In comparison with current eradication efforts that call for aerial spraying, opium licensing in Afghanistan is a win-win solution. While it is impossible to stop all the erosion into the illegal market, it would see a vast improvement from the current 100 percent [of the crop] going into the illegal market. Not only has the current poppy eradication in Afghanistan been ineffective, it has robbed a few farmers of their sole source of income. The Taliban has used eradication efforts to their advantage, offering protection to farmers and gaining popularity.
Despite the UN, the U.S., and their supporters saying the demand for morphine has reached a saturation point in the world, there is a huge unmet demand of about two thousand tons. That is deliberately not recognized. If it was not so, why has Britain, since last year, started to cultivate its own opium? [Britain began cultivating poppies on British soil to combat a diamorphine shortage (DailyMail).]
There is only one problem that I can see, which is that this scheme will not cover all those concerned in cultivating opium illicitly. About six thousand tons of opium is produced illicitly in Afghanistan. According to this [Senlis] project, they will produce two thousand tons at most. What happens to the other farmers? They will have to be subdued by the same corrupt and inefficient narcotic agencies that are the eye and arm of the present government.
Why are people so against licensing opium production in Afghanistan, other than the U.S. stance that there is not enough morphine demand? What’s the block here?

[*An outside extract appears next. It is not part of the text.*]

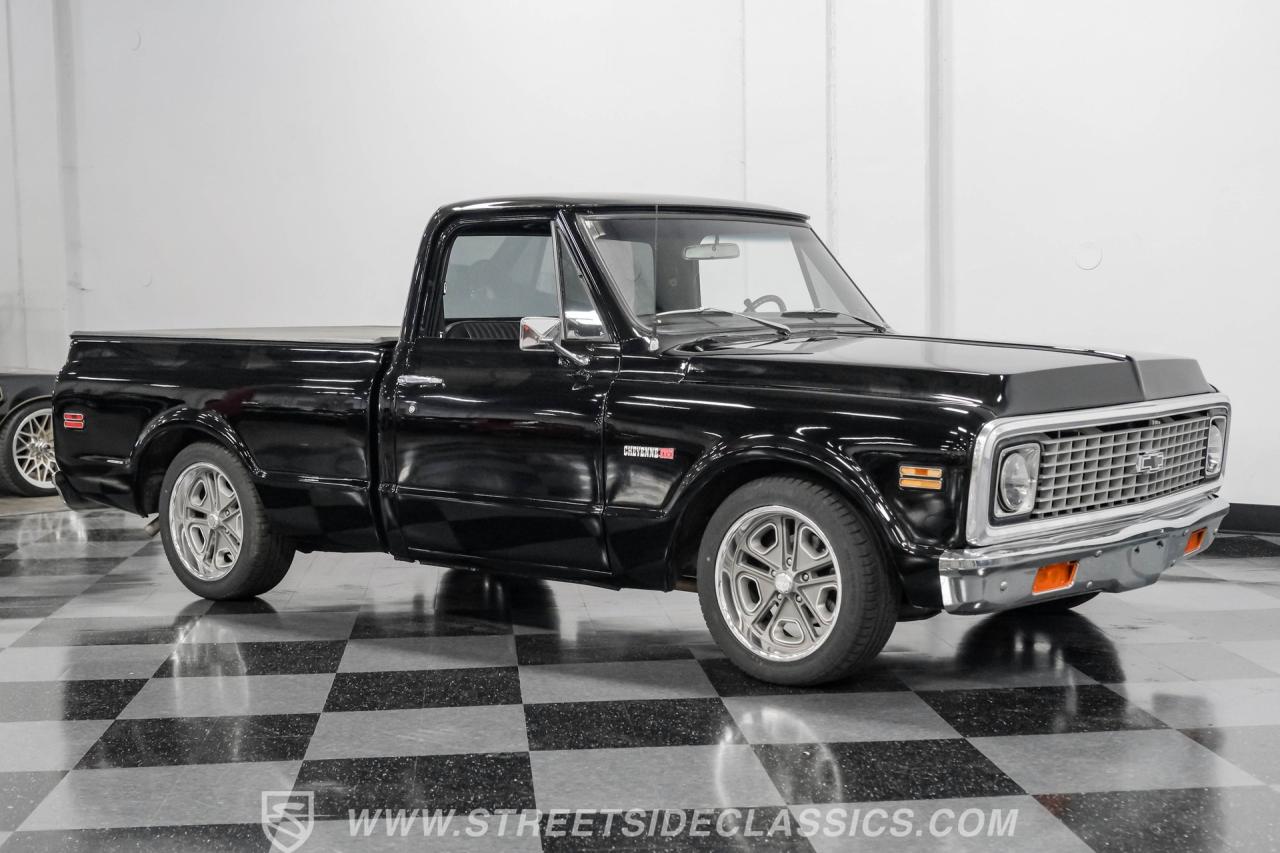 1971 Chevrolet C10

The money being made out of enforcement. Last year they spent $700 million on enforcement and the results were nothing. It’s a very easy way of funding a contractual system. That’s my way of looking at it. Apart from that, [some think] that enforcement is all, that it’s the only way to answer the illicit cultivation; whereas, it hasn’t succeeded anywhere. There was the thought that in Burma, [drug trafficking] was under control, but this year a report (PDF) says that there has been a tremendous increase in Burma also. You know, this mind-set has to be changed because here, year after year we are seeing dismal failure in eradication and enforcement of narcotic trafficking, yet nothing is happening. They don’t want to see anything new, test out new ideas.
You mentioned earlier that India was facing a heroin problem, and the heroin problem was coming from Afghanistan. What have the efforts been to stop illegal heroin trafficking over the border, and how do you see this proposal fitting in with that?
If it is legalized, the heroin that is trickling across the border will lessen. India, they’ve got [defense] at the border, but yet it is coming through. The most encouraging sign is that this year, till now, more than one thousand kilos have been seized at the border and all this is Afghan opium. Last year, the seizures for the same nine months were just about two hundred kilos. So it is actually a sign that the enforcement agencies are active, or that such a lot of it is coming through, that some amount is being seized.